We present here data from diverse European countries and multiple age groups which were collected within the “identification and prevention of dietary- and lifestyle-induced health effect in children and infants” (IDEFICS) project, an international collaborative study involving 8 European countries.23,24 The present study compared nocturnal sleep duration assessed in a consistent and standardized manner in the participating countries to find out whether sleep duration differs between European countries independent of individual determinants of sleep duration. This study offered a unique opportunity to describe the distribution of sleep duration by age in European children based on epidemiological data.

METHODS

The IDEFICS project is a population based multicenter study which includes children aged 2 to 9 years from 8 European countries. Between September 2007 and June 2008, a total of 31,543 children from primary schools and preschools in selected regions in Italy, Estonia, Cyprus, Belgium, Sweden, Hungary, Germany, and Spain were invited to participate in the baseline survey (T0), with an adhesion rate of 53.4%. Examination period was the same in all countries. A total of 16,223 (96.2%) fulfilled the inclusion criteria and gave full information on sex, height, and weight. Sample size across countries ranged from 1,507 children in Spain to 2,567 in Hungary. In each country, the participating centers obtained ethical approval by their responsible authority. Parents or legal guardians provided written informed consent for all examinations and/or the collection of samples, subsequent analysis, and storage of personal data and collected samples. Before the start of the study, all instruments were pre-tested. The final instruments were introduced through a central training by the coordinating center and by subsequent local trainings of the field staff in each recruitment center. All data were collected according to standard operating procedures and adherence to the protocol was assured by quality control site visits in all study centers conducted by the coordinating center (Bremen Institute for Prevention Research and Social Medicine). Questionnaires were translated in the national languages and then retranslated into English by the respective study centers to ensure compatibility of translations with the English original. More detailed information on the study procedures can be obtained from previous reports.2325

Sleep Duration

Information on sleep duration was collected in the context of a standardized 24-h recall (SACINA) that was developed to be used in children, based on an instrument previously used in adolescents.26 The SACINA is a computer-based instrument filled out by parents or guardian of each participating child and contained questions on the time at which the child got up in the morning and went to bed on the previous day. Nocturnal sleep duration was calculated as the difference between bedtime and get-up time in the SACINA interview. Data were collected on all days of the week, including weekends. However, preliminary analyses of variance showed no significant sleep duration differences from Monday to Thursday, while there were significant differences (P < 0.001) between Fridays, Saturdays, and Sundays. This may be due to the fact, that in some countries only very few or no data were available for weekend days. Therefore, we decided to include only nocturnal sleep duration data from Monday to Thursday for the present analysis. Parents had the possibility to fill out the 24-h recall on more than one day, if they wanted to. However, if information on sleep duration was given for more than one night, the first weekday night was included in the analysis to avoid differences in variability of the data.

Anthropometry

Anthropometric measurements were done according to a standardized manual in all centers. Body height was measured without shoes by trained staff using a portable stadiometer (SECA 225). Weight was measured by means of an adapted version of electronic scale (TANITA BC 420 SMA), with subjects wearing only underwear. Body mass index (BMI) was calculated and then categorized referring to cutoff points according to the criteria of International Obesity Task Force.27 Our category “overweight” included overweight and obese children, while the reference category included normal and underweight children.

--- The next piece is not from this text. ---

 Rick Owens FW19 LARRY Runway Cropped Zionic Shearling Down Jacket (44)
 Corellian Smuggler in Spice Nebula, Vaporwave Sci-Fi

Personal and Environmental Factors

Sex, age, country, season, daylight duration, parental education level, overweight, time spent in front of a TV or PC, weekly hours spent in a sports club, time playing outside, and physical activity according to accelerometer measurements were considered potential determinants of sleep duration. Data on personal, social, environmental and behavioral factors were collected by means of a standardized parental questionnaire, while children's physical activity was surveyed with accelerometers (Actigraph GT1M and ActiTrainer) with cutoffs for moderate to vigorous activity according to Sirard et al.,28 resulting in a continuous variable of daily minutes spent in moderate to vigorous physical activity. Accelerometers were worn around the waist for 3 consecutive days and had to be taken off for swimming, showering or bathing, and during sleep. The parents were asked to keep records of each time the device was taken off in an accelerometer diary. Education level categorized according to the International Standard Classification of Education (ISCED)29 was used as a surrogate measurement for socioeconomic status. Three levels of education (low, medium, high) of the 6 ISCED levels were created, with ISCED levels 0, 1, and 2 indicating low education; 3 and 4 indicating medium education, and ≥ 5 indicating high education. Information on daylight duration was obtained from astronomical tables available at www.timeanddate.com. Daylight duration is given in decimal hours.

Non-Responder Analysis

Non-responder analysis by sex, age, and parental education level was performed in each country for children whose parents did not answer the SACINA interview and for those providing sleep data only for weekend days. These analyses showed no differences for sex, while there were some significant differences for age and parental education level in some countries. In Estonia, Belgium, Germany, and Spain, nonparticipants were slightly older than participants, while in Cyprus and Hungary nonparticipants were younger. In Hungary nonparticipants had a slightly lower education than participants.

Statistical Analysis

Preliminary analyses revealed that sleep duration was normally distributed in all countries. Therefore, we applied parametric tests in our statistical analyses. Differences in continuously distributed variables were compared using the Student t-statistics while the χ2 statistic was used for the comparison of categorical variables. Percentile curves of sleep duration based on cubic interpolation of age-specific percentiles have been developed to model the distribution of sleep duration by age. For some analysis two age groups were created, with one group including children aged 2 to < 6 years (preschool children) and the other group including children aged 6 to 9 years (primary school children).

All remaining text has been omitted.